Yanzhou Coal Mining has been pursuing a takeover of the Australian company Felix Resources. The Yanzhou board has just given approval to the deal; Felix's board has already done so.
Yanzhou's stock has been halted because this takeover represents a material change in the company's fortunes. In the Canadian markets, halting happens all the time. The stock stops trading for sufficient time to get the news out; the halt typically lasts between thirty minutes and three hours. The Chinese stock markets have similar strictures, which are designed in accordance with a fairness standard: the quick should have no advantage over the less quick.
So, the Chinese coal company has been suspended to get the takeover news out; there's not much unusual in that to a Canadian like myself. What is unusual is the length. Yanzhou's been halted for almost a week.
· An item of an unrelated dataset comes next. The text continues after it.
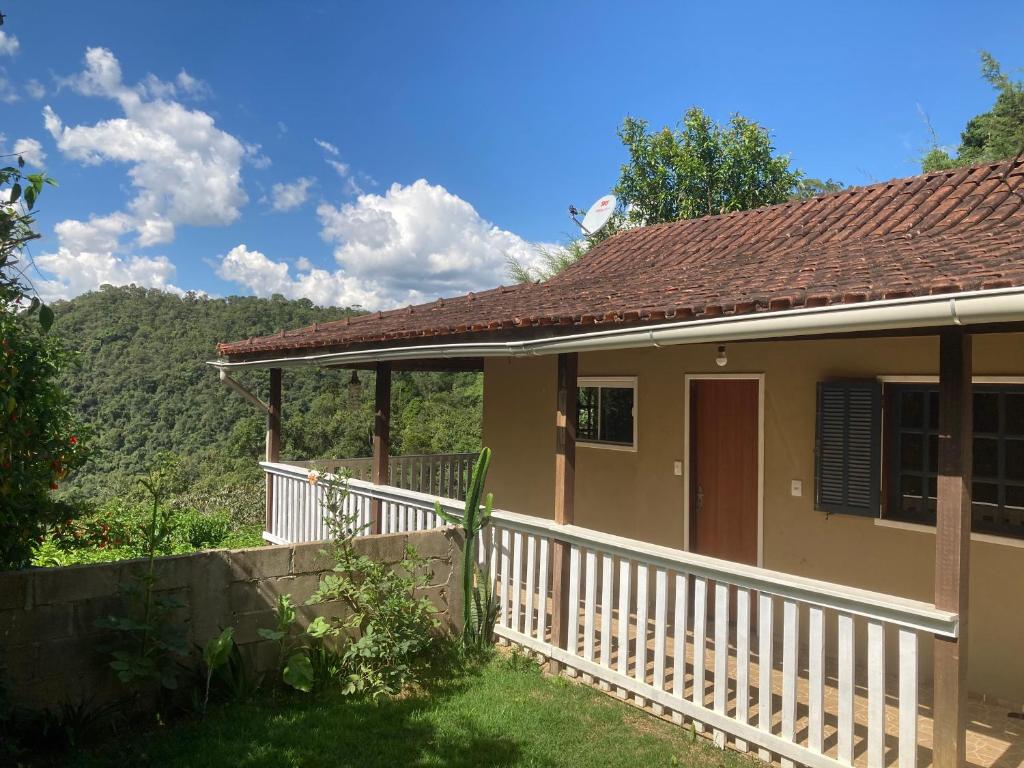 a house with a white fence and a porch at Casa Vista do Vale in Visconde De Maua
It looks like some things are slower in China. Evidently, the halt period for a takeover includes the whole takeover process. I can't even say if Yanzhou will start trading tomorrow, even though the takeover's at the done-deal stage.
Update: An analyst with the Macquarie Group has panned the deal, recommending that shareholders reject Yanzhou's offer despite the Felix board's recommendation to vote for it. The reason given is that there's no takeover premium in Yanzhou's price.
So it's not quite a done deal yet...
Update 2: The story's made Yahoo Finance's roster. As it turns out, Yanzhou's shares have started trading again on the Hong Kong exchange: they gained 2.3%. The ADRs should start trading today on the NYSE.